**Collected data:**
+ + +

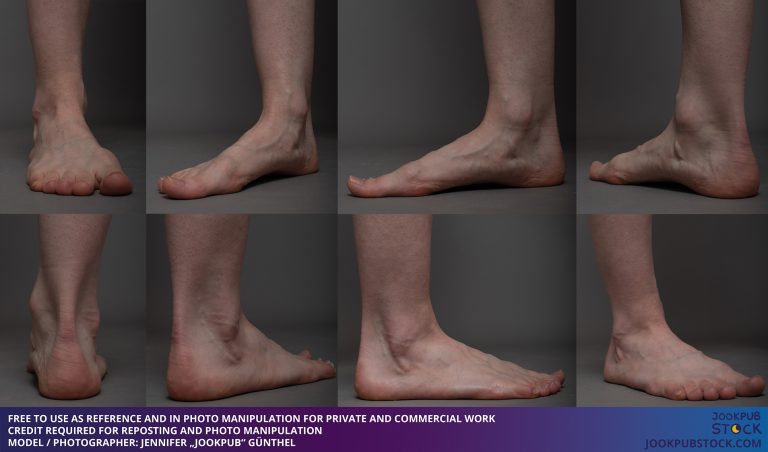 a turnaround of a foot
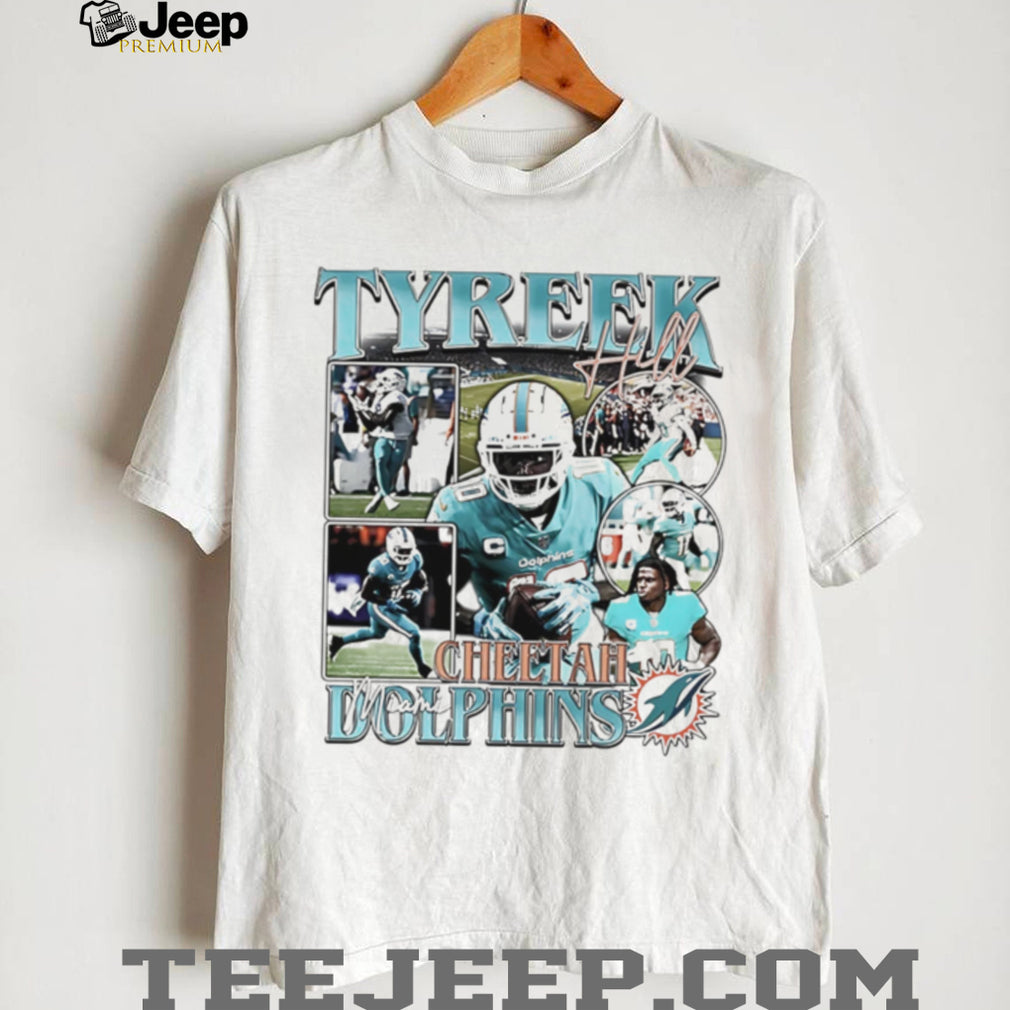 Tyreek Hill Cheetah Miami Football Vintage Bootleg T Shirt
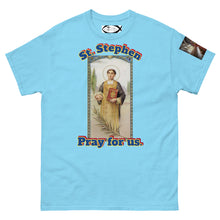 Load image into Gallery viewer, St. Stephen, Pray for us T-Shirt by Charlie the Catholic
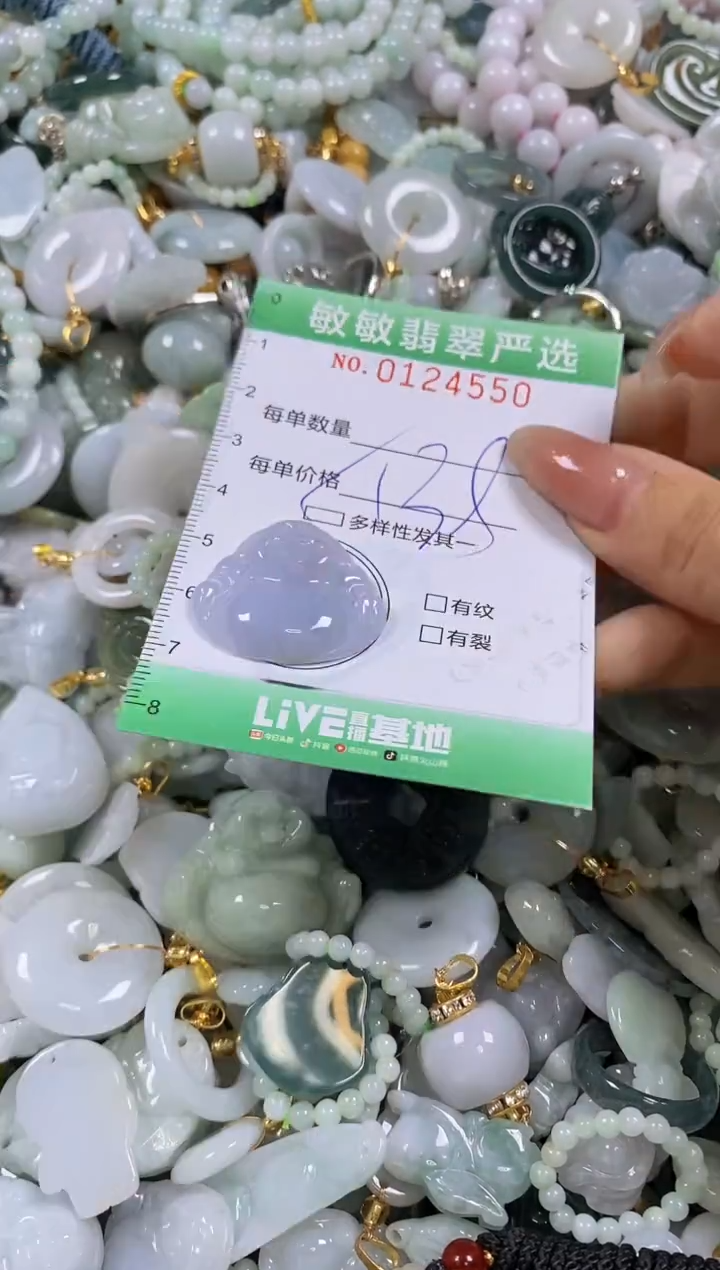 【闪购商品】翡翠颈饰未镶嵌闪购0124550多样性发其一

+ + +

**What is being asked:**
The expected output is exactly the lines from the one containing "Tyreek Hill Cheetah" through the last line of the listing, both included, with every picture left out.

**Written response:**
 Tyreek Hill Cheetah Miami Football Vintage Bootleg T Shirt
 Load image into Gallery viewer, St. Stephen, Pray for us T-Shirt by Charlie the Catholic
 【闪购商品】翡翠颈饰未镶嵌闪购0124550多样性发其一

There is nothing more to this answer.